Actavis and Novartis

ACTAVIS’ “EXPECTATION OF SUCCESS” AFFIRMED

ACTAVIS UK vs NOVARTIS AG

The High Court, Court of Appeal has recently upheld a decision on Appeal from the High Court, Patents Court, that the Novartis’s European Patent (UK) 0948320, a sustained release formulation of Fluvastatin (a Cholesterol lowering drug), is invalid on the ground of obviousness.

Earlier in the Patents Court

Actavis claimed for the revocation of Novartis patent on grounds of obviousness and insufficiency in the Patents Court. There was also a counterclaim by Novartis for infringement of its patent. Novartis conceded that the claims as granted could not be granted and applied for their amendment. The claim and counterclaim before Justice Warren is reported at Actavis UK Ltd v Novartis AG [2009] EWHC 41 (Ch) (16 January 2009) . The teaching of the patent was compared to the pleaded prior art and common general knowledge and the judge found that the patent was obvious. The claim on insufficiency however failed.

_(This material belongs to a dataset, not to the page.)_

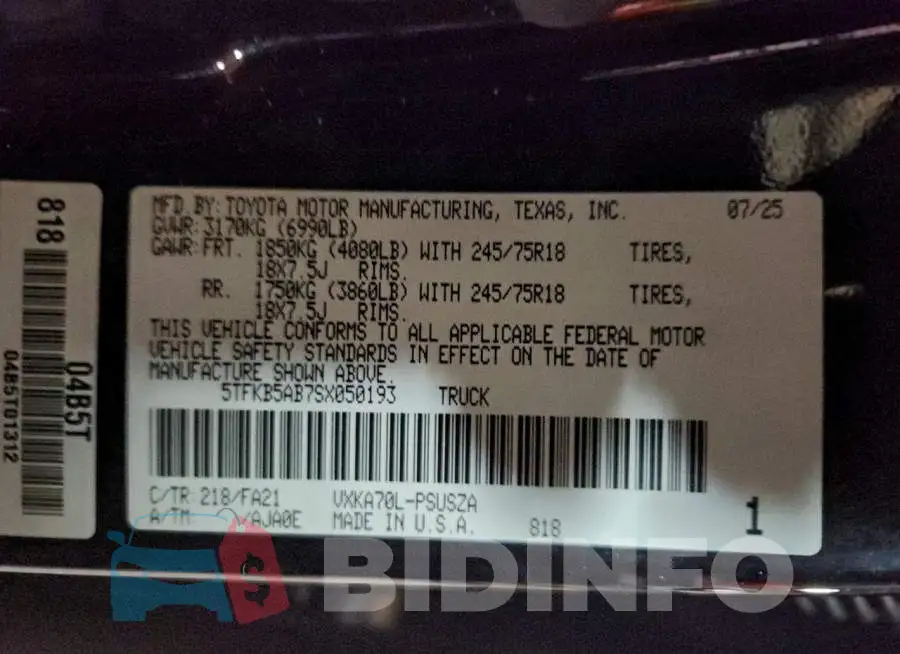 5TFKB5AB7SX050193 Photo# 12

The Actavis’ preparation would have infringed the defendant’s patent had it been valid but in view of the finding of obviousness the counterclaim failed.

Advances In A Case And Analysis

Solubility: high and very high

Fluvastatin was a well-known statin available in an immediate release formulation in 1996 (priority date of the patent is October 1996). A dosage regime of a 40 mg capsule to be taken twice a day was well known by that date plus there was extensive knowledge of sustained release formulations generally. The patent suggests that there is a need for a sustained release formulation of Fluvastatin and in creating such a formulation, there is a problem of its high water solubility and that any of the conventional methods would not work.

Judge Lloyd says “the problem presented in the Patent was illusory”.

Patent is seeking to deal with a problem of high water solubility of Fluvastatin. However, there would be problem only at very high and very low solubility. The solubility of the drug is high and not very high and therefore Fluvastatin is not so highly soluble that the skilled person would expect it to be impossible or difficult to make a sustained release form.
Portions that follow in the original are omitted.